Plot descriptions
Harmfulness Score vs Deviation
At each checkpoint we project every centroid onto the safe→harm general direction of that same checkpoint. The x-axis is the projection (how far along the harm direction a category sits); the y-axis is the residual distance from that line (how much the category deviates from a pure “more harmful” shift). Safe is pinned at the origin by construction. If all harm sub-categories lined up exactly with the general harm direction, they would all sit on y=0.
Centroid Variance
Average squared L2 distance from the class centroid in the full residual-stream space (log scale). Measures how tightly the examples of each class cluster around their centroid. Lower is tighter.

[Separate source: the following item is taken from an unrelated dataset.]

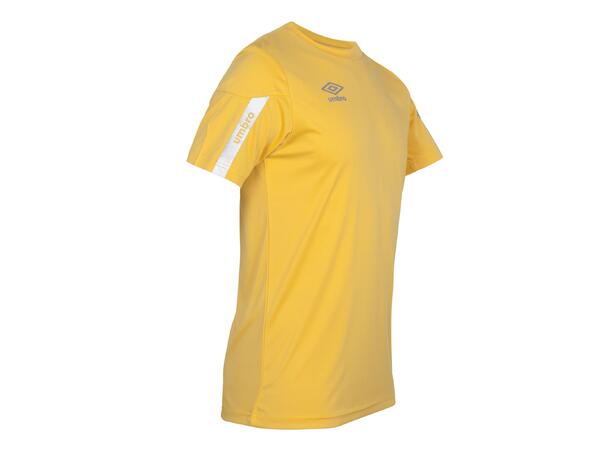 UMBRO Core SS Jersey Gul XL Spelartröja kort ärm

Avg L2 Distance from Centroid
Mean L2 distance between each example and its class centroid (linear scale, same units as the scatter). A more interpretable version of the variance above.
Centroid Magnitude
L2 norm of the class centroid vector itself. Reflects how far the average activation for that class sits from the origin of the residual stream. Generally grows with depth of training.
Direction Magnitude
L2 norm of the steering direction, computed as
||harm_centroid − safe_centroid||. This is the
length of the vector you would add to a safe activation to push it
toward the harm cluster, before any unit-normalisation.
Pairwise Subcategory Cosine
Cosine similarity between the seven sub-category steering directions at the selected checkpoint. Values near +1 mean two sub-categories point in essentially the same direction (so a single steering vector would work for both); values near 0 mean they are orthogonal; near −1 they point opposite. The diagonal is always 1.